Park activists squared off against lawyers for the city and state over the current plan for transforming the desolate piers and waterfront space under the Brooklyn side of the Brooklyn Bridge into parkland.
The Empire State Development Corp., which is supervising the park project, has allocated a fraction of the available 85 acres for developers to build residential towers and a hotel.
Critics of the state’s current plan say the final site will be a well-manicured lawn for the residents who move in, rather than a genuine park. While private restaurants in parks have long been a familiar sight, critics say condos and apartments are not.

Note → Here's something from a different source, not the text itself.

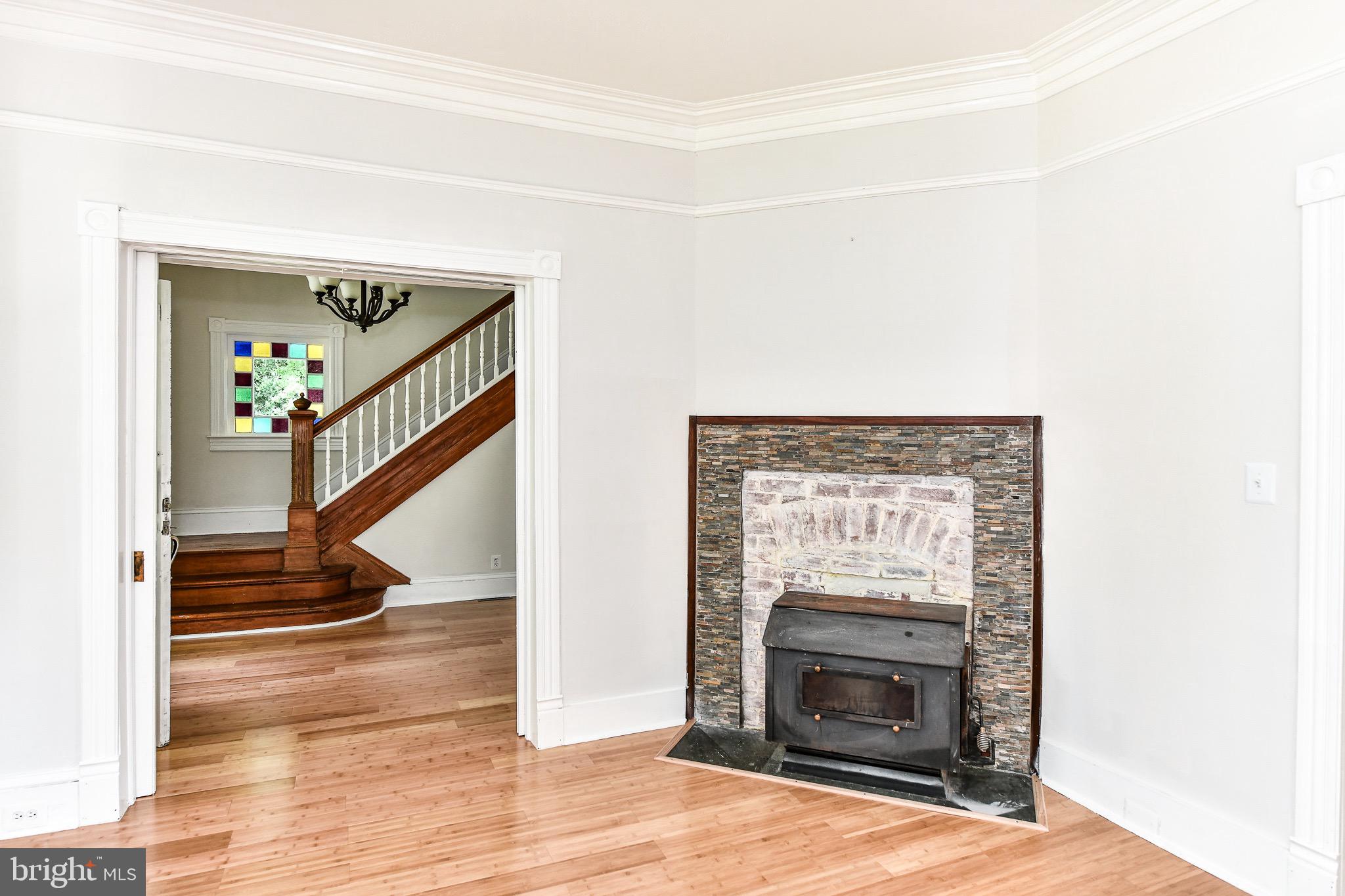 DUNN LORING - Residential Lease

“There will be Fresh Direct trucks delivering groceries,” a park activist, Judi Francis, said outside the court yesterday. “When a child decides to kick a ball, it will bounce off of someone’s house.”
Ms. Francis is president of the Brooklyn Bridge Park Defense Fund, which filed a lawsuit last month challenging the high-rise housing as a violation of an earlier agreement reached by the city and state.
In court yesterday, a lawyer representing the group said the outcome of the lawsuit will set a precedent for the role developers will be allowed in future parks.
“This is the test case,” the lawyer, Robert Chira, said. It will decide, he said, “whether other parks up and down the waterfront can have private housing in them.”
The city is in the midst of waterfront park projects on both sides of Manhattan, on Governors Island, along the East River in Queens, and in the Greenpoint and Williamsburg sections of Brooklyn, the city said in court filings.
The judge, Lawrence Knipel, said at one point that the lawsuit “may be a test case in certain issues.”
It is not yet clear where planners intend to situate the two residential towers in the park project, which extends for more than 1.2 miles. A spokeswoman for the Empire State Development Corp. said the state is soliciting proposals from developers. The state anticipates that revenue in taxes and leases from the residences and hotel will pay for the expected $15.2 million annual upkeep of the park, court filings show. The park will be the largest constructed in Brooklyn since Prospect Park more than a century ago.
Lawyers for the city and the state, which is overseeing the construction, did not respond directly yesterday to claims that high-rises in the Brooklyn Bridge Park are likely to lead to residential outcroppings in other parks.
One lawyer for the state, David Paget, said the case “has enormous consequences and implications for the city,” but did not go into further detail. Judge Knipel allowed the city yesterday to join the lawsuit to defend the current blueprints for the park.